Historic City Cemeteries & Burial Parks
The City of San Antonio maintains nine historic cemeteries on the City's east side.
Historic City Cemeteries Contact Information:
- For information on Interments, call 210.207.2883
- For information on burial records, call 210.207.2500
- For authorization for improvements, call 210.207.2883
San Antonio grew rapidly after Texas’ statehood in 1846, and the City Council faced many challenges, including the need for new cemeteries. The old City Cemetery (today’s Milam Park) was full and in 1853, the City Council selected a new burial ground east of downtown Powder House Hill.
The hill was part of San Antonio’s original land grant and was named for buildings constructed there by the Spanish Military to store gun powder. Council designated 20 acres for the new cemetery and began to sell individual lots. Land was also donated or sold to fraternal organizations, churches and military organizations to bury their dead. By 1854, Alamo Masonic Lodge and the International Order of Odd Fellows had opened cemeteries adjacent to City Cemetery #1.

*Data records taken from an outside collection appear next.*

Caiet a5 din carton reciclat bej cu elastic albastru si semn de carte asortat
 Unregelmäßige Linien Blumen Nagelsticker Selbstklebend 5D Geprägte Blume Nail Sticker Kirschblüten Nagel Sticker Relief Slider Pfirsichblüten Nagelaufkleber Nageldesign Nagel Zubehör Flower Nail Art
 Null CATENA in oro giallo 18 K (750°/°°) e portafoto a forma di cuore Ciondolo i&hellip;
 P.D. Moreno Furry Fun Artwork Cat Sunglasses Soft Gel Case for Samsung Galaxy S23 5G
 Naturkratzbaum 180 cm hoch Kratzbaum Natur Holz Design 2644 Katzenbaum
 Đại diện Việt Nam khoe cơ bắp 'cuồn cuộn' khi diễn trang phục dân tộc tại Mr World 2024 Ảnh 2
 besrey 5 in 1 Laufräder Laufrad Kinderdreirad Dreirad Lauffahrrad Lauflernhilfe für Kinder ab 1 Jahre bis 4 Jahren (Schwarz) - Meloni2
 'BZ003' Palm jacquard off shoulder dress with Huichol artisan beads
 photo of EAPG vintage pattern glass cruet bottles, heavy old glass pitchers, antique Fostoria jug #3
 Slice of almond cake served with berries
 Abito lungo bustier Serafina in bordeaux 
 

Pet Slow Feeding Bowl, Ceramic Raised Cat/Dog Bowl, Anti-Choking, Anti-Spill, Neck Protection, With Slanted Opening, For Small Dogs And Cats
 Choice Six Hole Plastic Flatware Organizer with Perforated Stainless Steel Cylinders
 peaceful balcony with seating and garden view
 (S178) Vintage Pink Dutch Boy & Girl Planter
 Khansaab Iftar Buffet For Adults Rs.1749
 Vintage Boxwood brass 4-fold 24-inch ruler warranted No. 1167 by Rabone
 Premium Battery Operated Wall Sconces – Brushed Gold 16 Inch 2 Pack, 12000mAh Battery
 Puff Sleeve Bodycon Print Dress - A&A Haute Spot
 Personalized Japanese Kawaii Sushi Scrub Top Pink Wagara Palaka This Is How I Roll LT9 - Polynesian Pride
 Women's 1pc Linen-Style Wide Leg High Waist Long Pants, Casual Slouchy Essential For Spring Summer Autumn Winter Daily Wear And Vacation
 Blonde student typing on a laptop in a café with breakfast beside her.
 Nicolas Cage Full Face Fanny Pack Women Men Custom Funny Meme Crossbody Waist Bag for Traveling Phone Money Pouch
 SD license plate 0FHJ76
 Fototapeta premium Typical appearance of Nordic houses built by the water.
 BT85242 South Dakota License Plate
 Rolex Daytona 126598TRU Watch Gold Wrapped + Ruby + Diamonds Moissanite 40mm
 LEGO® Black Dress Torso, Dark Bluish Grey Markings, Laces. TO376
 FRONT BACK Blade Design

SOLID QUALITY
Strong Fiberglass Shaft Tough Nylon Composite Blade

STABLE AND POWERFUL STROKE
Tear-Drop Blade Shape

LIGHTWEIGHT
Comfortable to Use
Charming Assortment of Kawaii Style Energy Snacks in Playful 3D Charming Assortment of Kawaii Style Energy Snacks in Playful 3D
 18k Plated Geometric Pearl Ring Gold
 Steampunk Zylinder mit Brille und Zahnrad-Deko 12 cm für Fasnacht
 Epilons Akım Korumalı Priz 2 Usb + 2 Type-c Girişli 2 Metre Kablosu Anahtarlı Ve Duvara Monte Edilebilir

In the next 50 years, a total of 31 cemeteries covering 103 acres were established on Powder House Hill, including those Anglo and African American lodges, Catholic and Lutheran churches, Jewish synagogues and the U.S. government. The Parks and Recreation Department assumed responsibility for the City cemeteries in 1901 and soon began to search for a new site. San Jose Cemetery opened in 1922. Many San Antonians responsible for the City’s early development are buried in the East Side Cemetery complex and a visit there offers a rich history lesson.